● Stored data:

★ ★ ★ ★

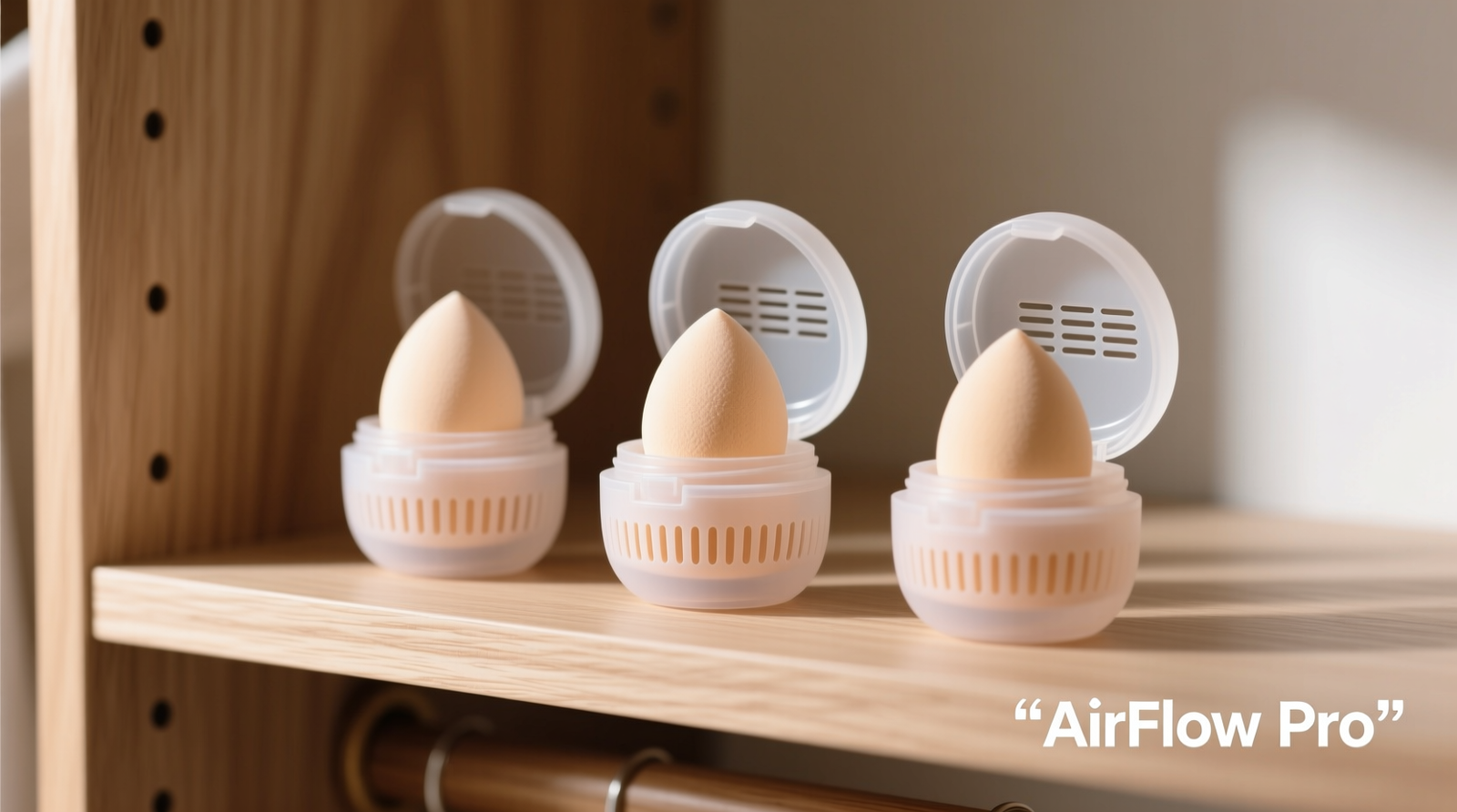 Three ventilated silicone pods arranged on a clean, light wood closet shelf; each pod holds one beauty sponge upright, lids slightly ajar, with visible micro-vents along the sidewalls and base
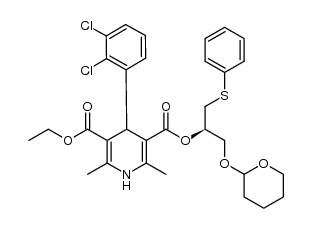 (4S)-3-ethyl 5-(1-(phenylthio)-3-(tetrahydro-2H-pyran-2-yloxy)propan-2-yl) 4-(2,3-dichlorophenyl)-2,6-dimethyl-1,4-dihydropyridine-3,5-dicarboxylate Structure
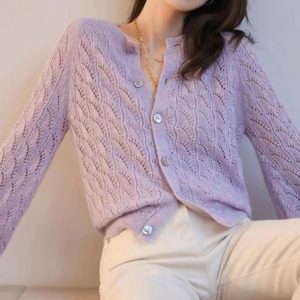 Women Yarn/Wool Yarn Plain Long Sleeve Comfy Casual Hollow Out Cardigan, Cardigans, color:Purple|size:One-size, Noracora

★ ★ ★ ★

● Requirement: Return the full listing above exactly as written, and omit the pictures.

● Task response:
 Three ventilated silicone pods arranged on a clean, light wood closet shelf; each pod holds one beauty sponge upright, lids slightly ajar, with visible micro-vents along the sidewalls and base
 (4S)-3-ethyl 5-(1-(phenylthio)-3-(tetrahydro-2H-pyran-2-yloxy)propan-2-yl) 4-(2,3-dichlorophenyl)-2,6-dimethyl-1,4-dihydropyridine-3,5-dicarboxylate Structure
 Women Yarn/Wool Yarn Plain Long Sleeve Comfy Casual Hollow Out Cardigan, Cardigans, color:Purple|size:One-size, Noracora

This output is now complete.